▶ [Task]:
Look through the entries below for the line with "SEAURCO Firefly Craft" and the line with "マルチーズ ペットショップ マルワン 小さめ子犬 美形な子猫 初心者安心のサポート", then give again exactly those two lines and all lines between them, minus the pictures.

▶ [Records provided]:
# # # #
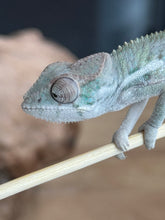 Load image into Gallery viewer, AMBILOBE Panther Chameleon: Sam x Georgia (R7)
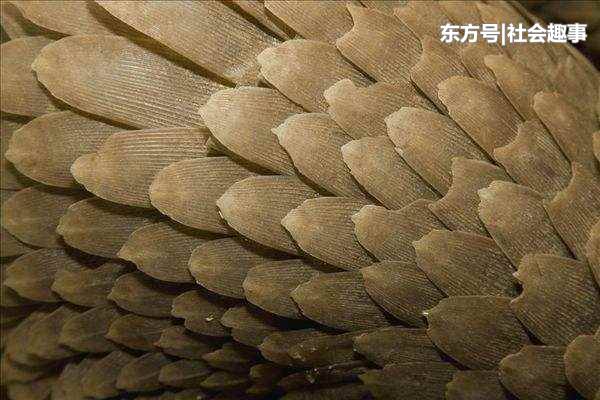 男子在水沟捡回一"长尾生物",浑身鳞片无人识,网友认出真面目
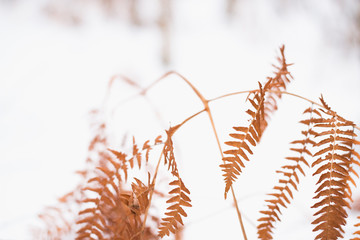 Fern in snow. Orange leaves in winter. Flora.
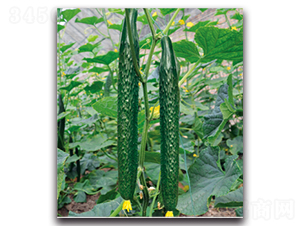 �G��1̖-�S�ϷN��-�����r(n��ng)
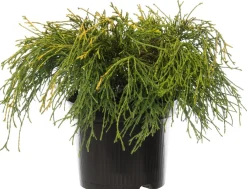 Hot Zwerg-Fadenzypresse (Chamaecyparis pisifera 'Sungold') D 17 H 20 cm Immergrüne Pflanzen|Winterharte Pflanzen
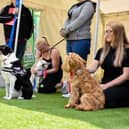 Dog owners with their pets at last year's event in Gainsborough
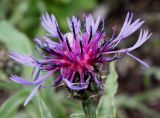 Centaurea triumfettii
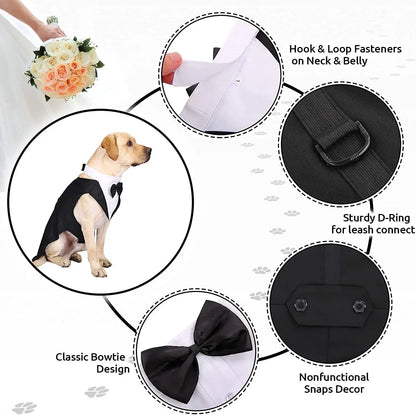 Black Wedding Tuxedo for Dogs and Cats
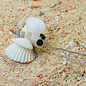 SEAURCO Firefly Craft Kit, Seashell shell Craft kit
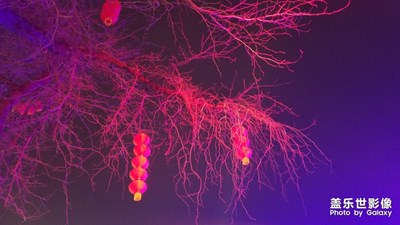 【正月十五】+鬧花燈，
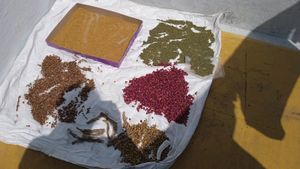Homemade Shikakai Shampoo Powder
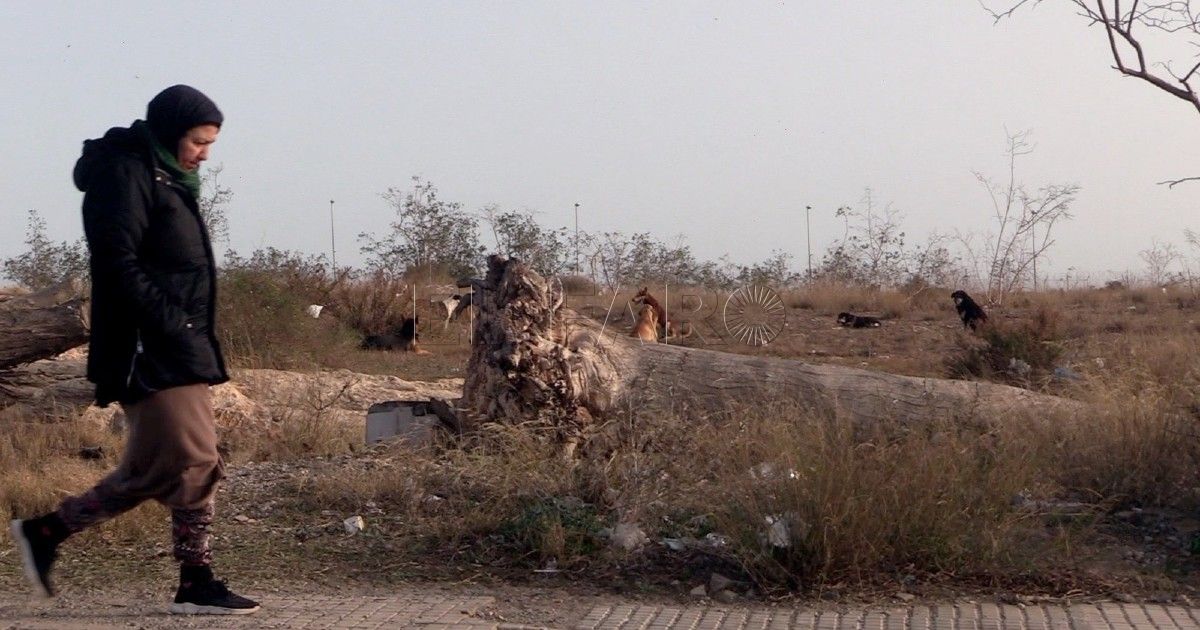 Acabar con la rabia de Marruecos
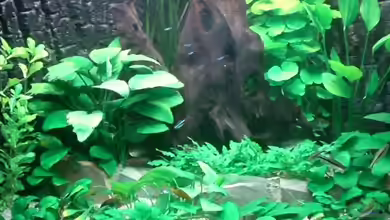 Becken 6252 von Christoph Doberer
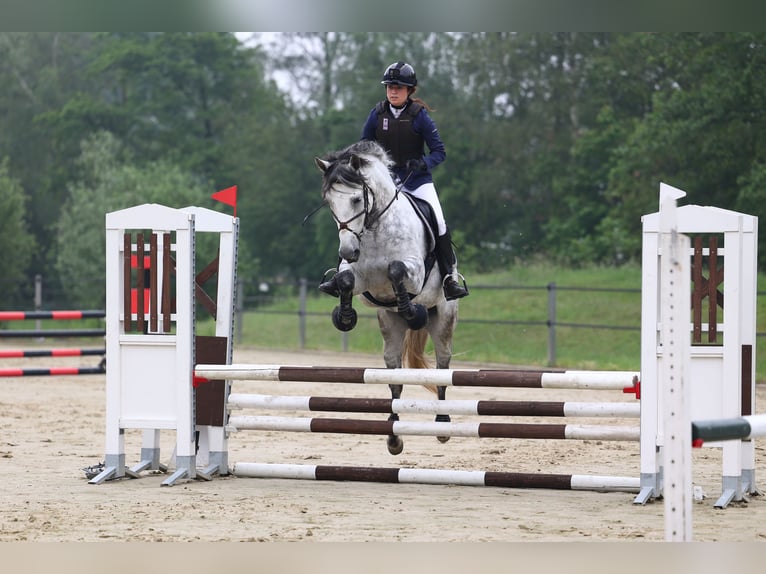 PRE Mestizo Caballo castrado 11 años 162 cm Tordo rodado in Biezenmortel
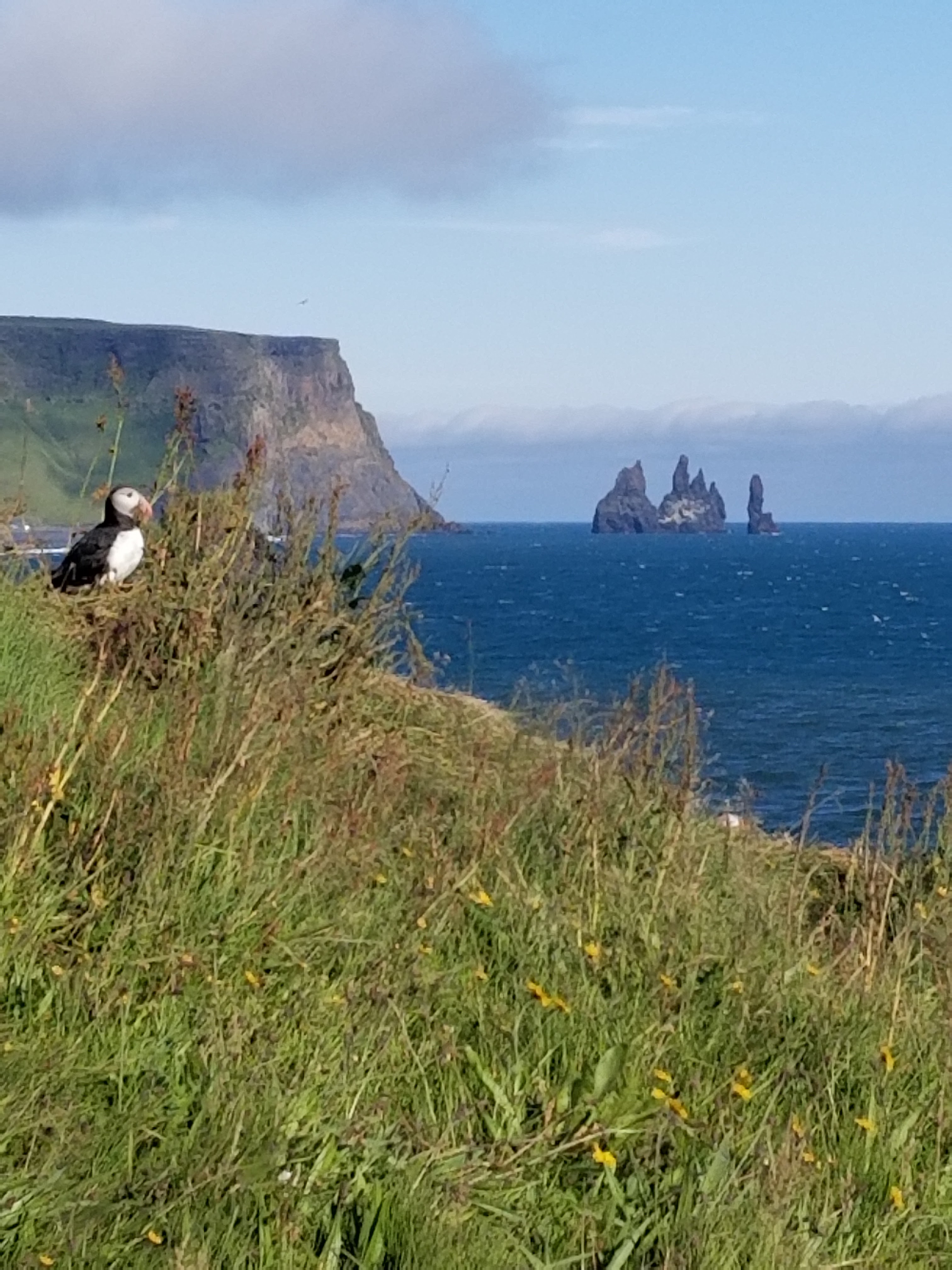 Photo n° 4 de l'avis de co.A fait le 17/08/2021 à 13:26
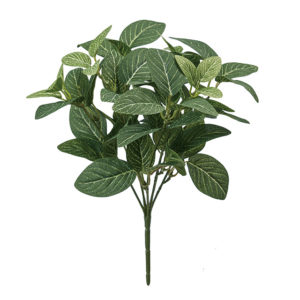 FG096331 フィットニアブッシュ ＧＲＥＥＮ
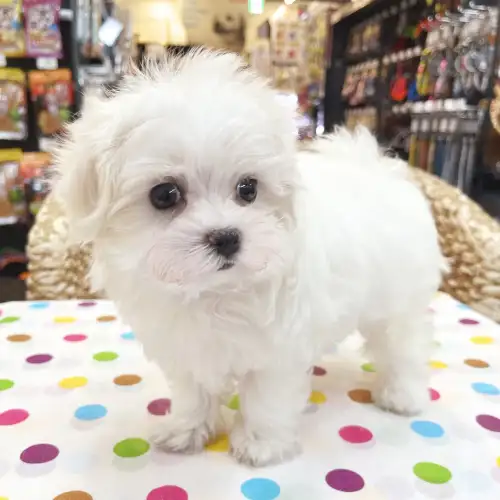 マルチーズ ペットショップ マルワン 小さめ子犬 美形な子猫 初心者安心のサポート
# # # #
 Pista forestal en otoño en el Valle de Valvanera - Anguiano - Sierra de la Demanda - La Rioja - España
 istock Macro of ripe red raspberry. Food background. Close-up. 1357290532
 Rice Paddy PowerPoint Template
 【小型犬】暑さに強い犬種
# # # #
▶ [Reply to the task]:
 SEAURCO Firefly Craft Kit, Seashell shell Craft kit
 【正月十五】+鬧花燈，
Homemade Shikakai Shampoo Powder
 Acabar con la rabia de Marruecos
 Becken 6252 von Christoph Doberer
 PRE Mestizo Caballo castrado 11 años 162 cm Tordo rodado in Biezenmortel
 Photo n° 4 de l'avis de co.A fait le 17/08/2021 à 13:26
 FG096331 フィットニアブッシュ ＧＲＥＥＮ
 マルチーズ ペットショップ マルワン 小さめ子犬 美形な子猫 初心者安心のサポート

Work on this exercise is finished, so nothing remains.